(Records provided Opens)
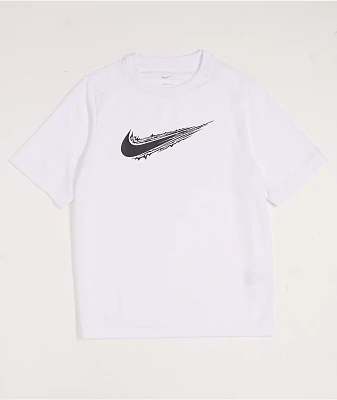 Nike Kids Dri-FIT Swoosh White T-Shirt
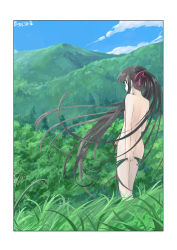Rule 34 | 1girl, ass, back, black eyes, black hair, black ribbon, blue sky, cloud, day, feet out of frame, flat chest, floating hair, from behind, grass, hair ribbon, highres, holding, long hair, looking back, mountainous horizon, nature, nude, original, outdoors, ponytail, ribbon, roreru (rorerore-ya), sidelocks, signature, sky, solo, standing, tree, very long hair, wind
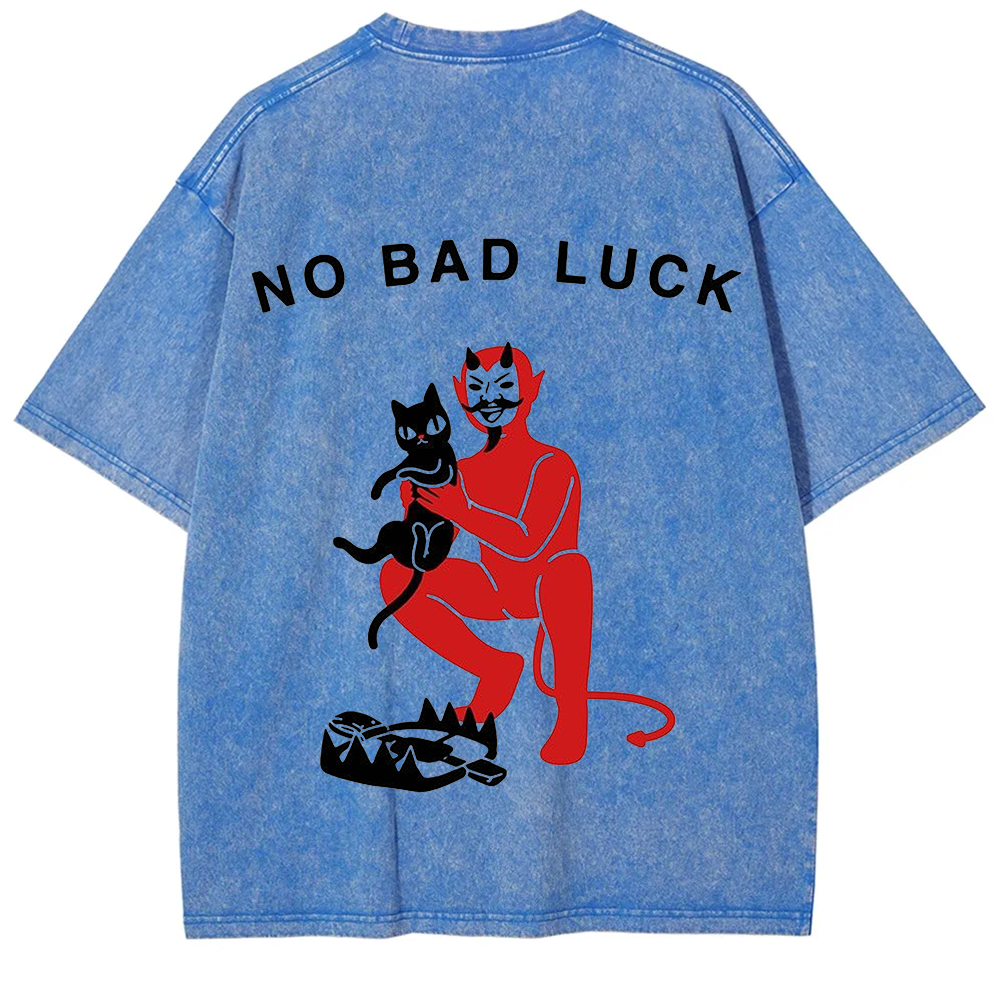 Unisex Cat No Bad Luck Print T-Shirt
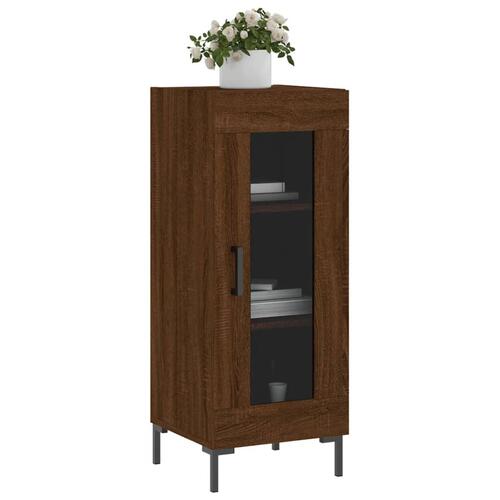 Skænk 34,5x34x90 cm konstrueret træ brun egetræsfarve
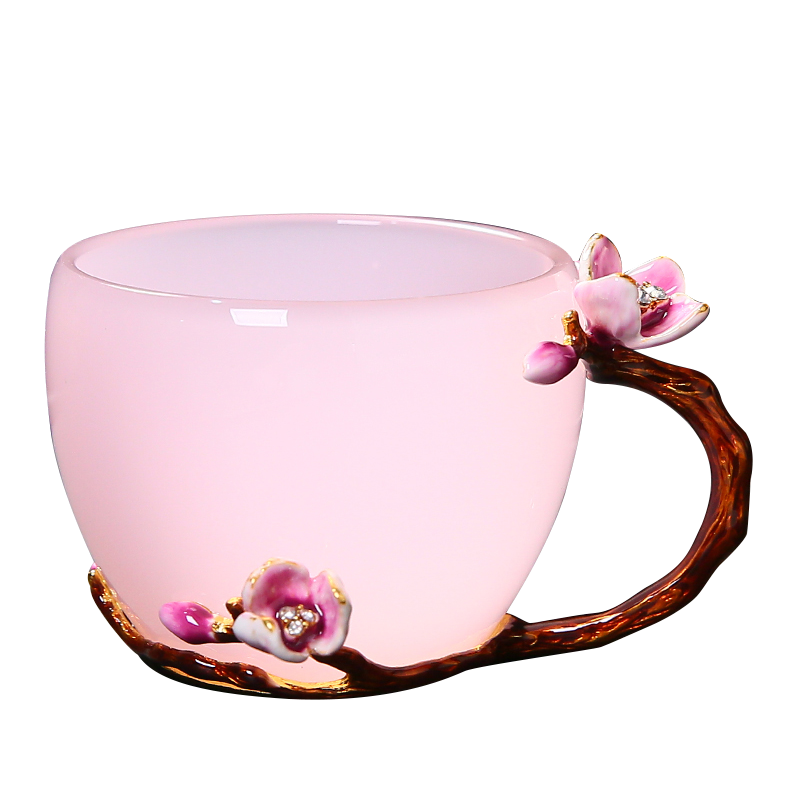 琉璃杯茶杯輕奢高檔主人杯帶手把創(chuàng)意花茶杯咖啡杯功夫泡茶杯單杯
(Records provided Closes)
#### [How to complete this task]
Begin with the line that contains "Unisex Cat No Bad Luck Print T-Shirt" and repeat every line through the end of the data, exactly and only those lines, leaving out the pictures.

#### [Result]
 Unisex Cat No Bad Luck Print T-Shirt
 Skænk 34,5x34x90 cm konstrueret træ brun egetræsfarve
 琉璃杯茶杯輕奢高檔主人杯帶手把創(chuàng)意花茶杯咖啡杯功夫泡茶杯單杯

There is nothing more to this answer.